That's why I'm proposing that we abolish tipping. Just get rid of it entirely. Here are nine reasons to ban the begging bowls once and for all:
In most states, restaurants are allowed to pay waiters far less than the minimum wage. The federal rate for servers in the U.S. is just $2.13 an hour, and in 19 states, that's what servers make. Each state, though, has leeway to set a higher wage for servers. Twenty-four states have voluntarily raised servers' minimum wage above $2.13 an hour, and seven states have gone as far as requiring servers to be paid the same minimum wage as everyone else.
This is a great system for the restaurant industry, because it lets businesses pay less than the minimum wage in almost every state. But it contributes to poverty among the waiters and waitresses who toil in diners and other inexpensive restaurants across the country. (Servers in higher-end places tend to earn a livable wage.) In fact, servers are nearly three times as likely as other workers to experience poverty, according to a March 2014 report from the National Economic Council, the U.S. Department of Labor and others.

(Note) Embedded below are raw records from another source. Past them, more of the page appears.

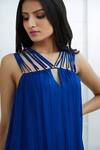 Buy_Mandira Wirk - Indian_Blue Viscose Chiffon Satin V Neck Embellished Maxi Dress_Online_at_Aza_Fashions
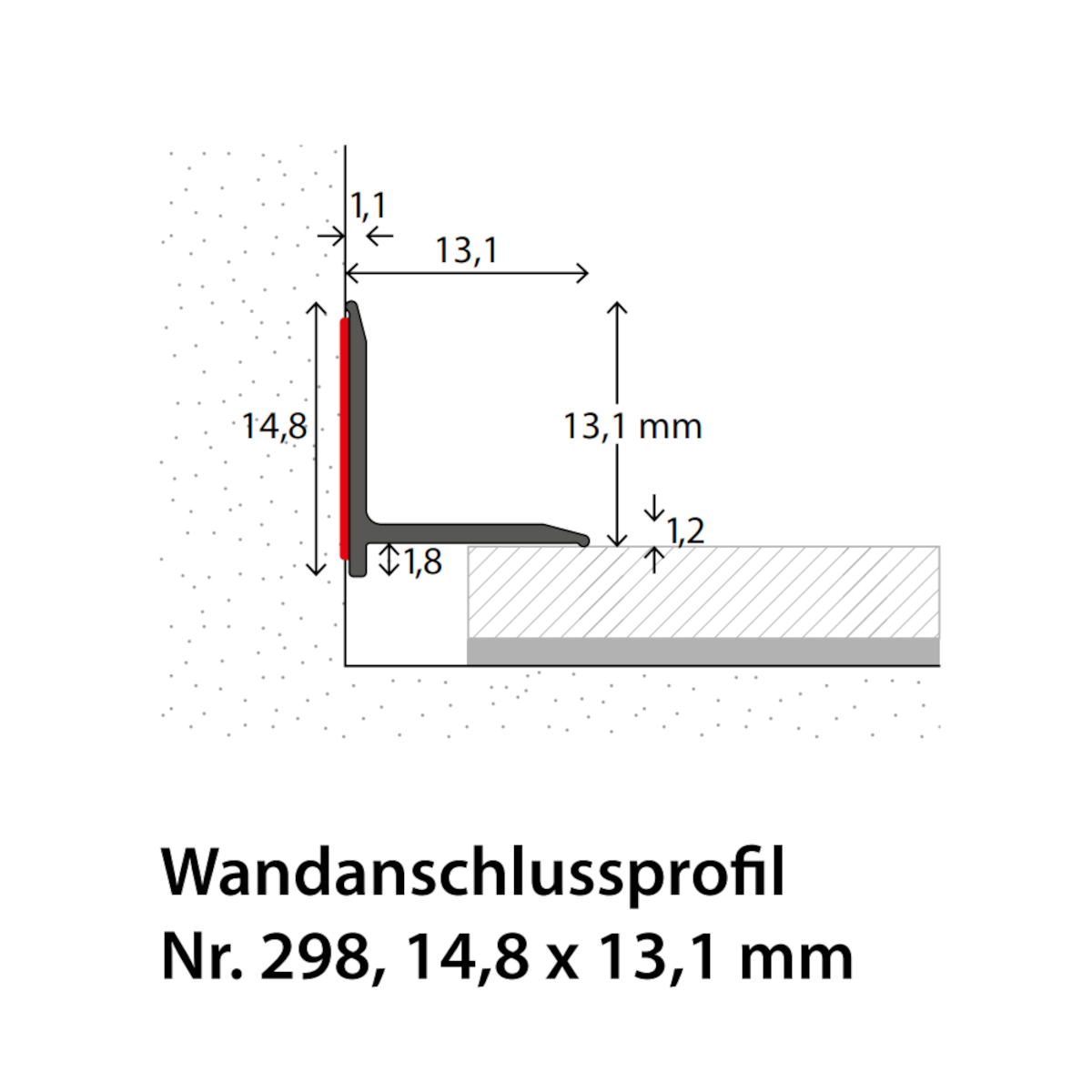 PRINZ Wandabschlußprofil Nr. 298 SK, 14,8 x 13,1 mm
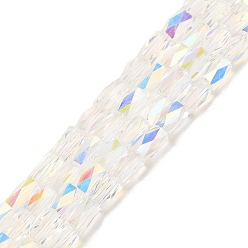 Прозрачный АВ Стеклянные бусины с гальваническим покрытием , с покрытием AB цвета, граненые, колонка, ясно AB, 4x2 мм, отверстие : 0.9 мм, около 100 шт / нитка, 19.29'' (49 см)
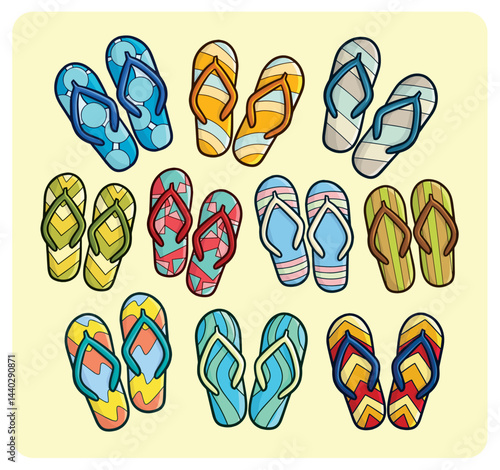 Funny and colorful slippers cartoon collection set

Tipped workers and their families often depend on welfare programs to survive -- and they do so at significantly higher rates than non-tipped workers, according to a 2014 report from the Economic Policy Institute, a think tank focused on labor issues. "Tipped workers are heavily reliant on public subsidies to help make ends meet," said Sylvia Allegretto, a research economist at the University of California, Berkeley and a former waitress, who co-authored the report. "Who helps them bridge the gap? Taxpayers."
The "tipped minimum wage," which is the amount servers make per hour (not counting their tips), was established in 1966 by the federal Fair Labor Standards Act (FLSA). Prior to 1966, there was no standard rate for servers and other workers who earned tips, like hotel workers. The FLSA established that the tipped minimum wage had to be no less than 50 percent of the regular minimum wage. That way, when the regular minimum wage increased, the tipped minimum wage would automatically increase along with it.
But in 1996, that changed. Under pressure from the restaurant lobby (led at the time by fast-food mogul Herman Cain), the Clinton administration decoupled the tipped minimum wage from the regular minimum wage. As a result, because of inflation, the value of the tipped minimum wage has steadily fallen over the years, as this chart from the Department of Labor report shows:
The current federal tipped minimum wage for servers, $2.13 an hour, is exactly the same as it was in 1991, when the regular minimum wage was $4.25.
"What a boon to the restaurant lobby, that for 23 years in a row they've been able to pay the same low wages [to servers]," said Allegretto.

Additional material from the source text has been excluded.